BALIKPAPAN – Antusiasme warga dalam berkurban di Hari Raya Iduladha 1442 Hijriah rupanya cukup tinggi, meski di tengah pandemi Covid-19. Terbukti dengan penuhnya antrean hewan kurban di salah satu pusat rumah pemotongan hewan (RPH) di kawasan Projakal, Balikpapan Utara.

Pemandangan tersebut tentu tak seperti tahun sebelumnya, mengingat biasanya masyarakat melakukan penyembelihan di rumah ibadah, atau di lingkungan tempat tinggal mereka. Sebenarnya, peningkatan jumlah hewan kurban yang bakal disembelih di RPH, merupakan tindak lanjut dari SE Kementerian Agama yang mengimbau masyarakat tidak melaksanakan penyembelihan hewan kurban di rumah ibadah.

Terkait hal itu, Kepala UPTD RPH drh Totok Tidarto membenarkan terjadi peningkatan penyembelihan di RPH. “Itu juga (meningkat) karena semua maunya menyembelih kurban pada hari pertama. Karena hari kedua itu sudah waktunya kembali bekerja,” tutur Totok.

Mau tak mau, melihat banyaknya kurban yang akan dipotong, Totok harus memberikan pengertian agar orang-orang yang ingin hewan kurbannya disembelih ikhlas bisa dilakukan penyembelihan pada hari esoknya. “Kalau dituruti betul-betul bisa membeludak,” tambahnya.

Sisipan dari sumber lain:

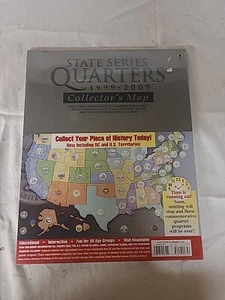 State Quarter Series Collector's Quarters Map 1999-2009 Fold Out Hardcover - Picture 1 of 2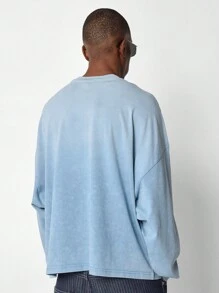 SUMWON Vintage Aesthetic Oversized Washed SUM Sweatshirt Crew Neck Winter Casual Streetwear Jumper Fall Lounge Athleisure Pullover - Blue - View 2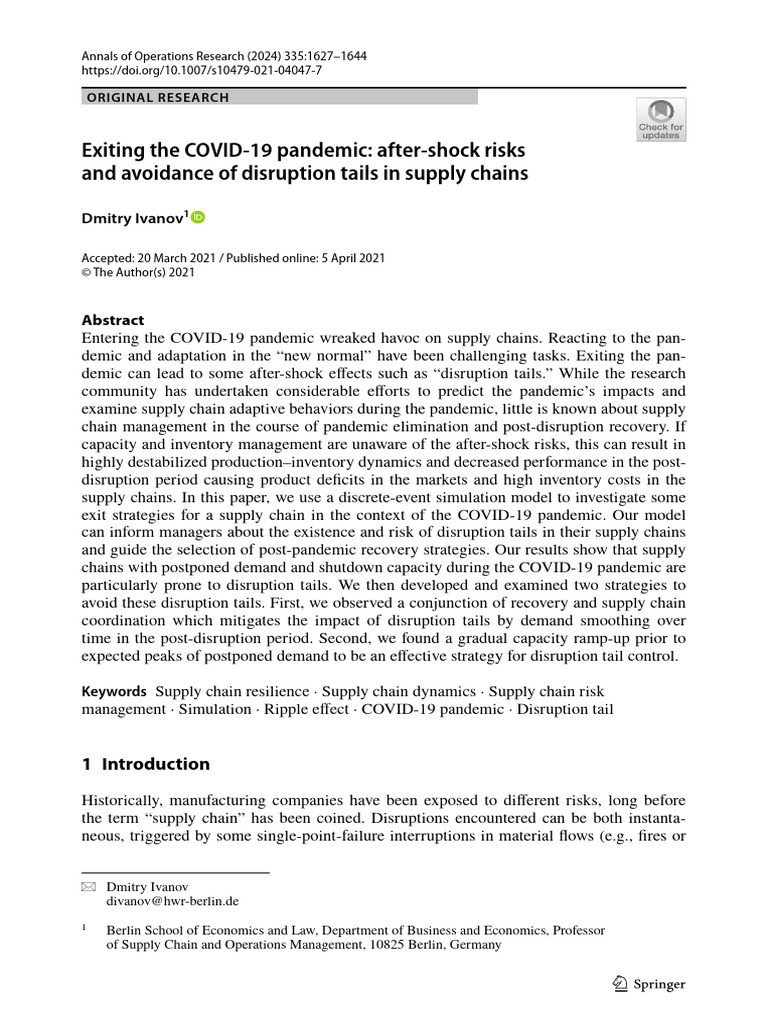 COVID-19 Pandemic Supply Chain Risks | PDF | Supply Chain | Simulation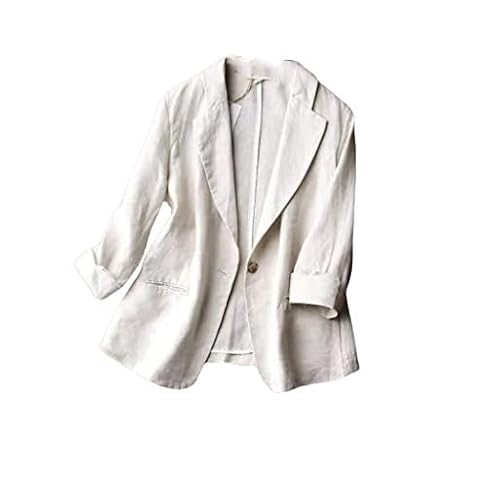 KIMCCI Blazer Damen Elegant,Baumwoll-Leinen-Blazer-Jacke Anzug Sommer 3/4-Ärmel Strickjacke Vorne Offen Kerbtasche Arbeit Business Casual Blazer Anzüge Jacke Für Damen Leichte Anzugjacke,Apricot,L KIMCCI Blazer Damen Elegant,Baumwoll-Leinen-Blazer-Jacke Anzug Sommer 3/4-Ärmel Strickjacke Vorne Offen Kerbtasche Arbeit Business Casual Blazer Anzüge Jacke Für Damen Leichte Anzugjacke,Apricot,L von KIMCCI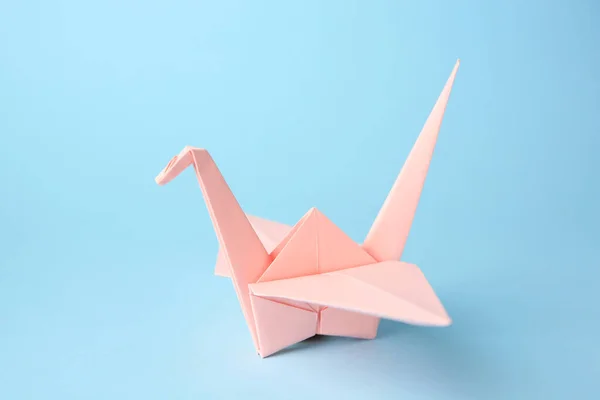 Origami Art Handmade Paper Crane Light Blue Background — Stockfoto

Selain itu, kemampuan pelayanan juga terbatas. Di RPH, ada sekitar 15 orang pegawai yang terlibat dengan batas maksimal yang disanggupi hanya 60 ekor hewan kurban. “Sebenarnya bisa 24 jam, tapi kemampuan ini yang terbatas. Antisipasi kelelahan para pekerja, jadi memang kita sesuaikan. Biasa saya tawarkan kalau tidak bisa (dipotong) pagi maka bisa sore,” terang dia.

Untuk melaksanakan pemotongan hewan kurban di RPH, kata dia, dikenakan biaya retribusi Rp 50 ribu per ekor. Selebihnya ada biaya jasa pelayanan, bervariasi sesuai kebutuhan.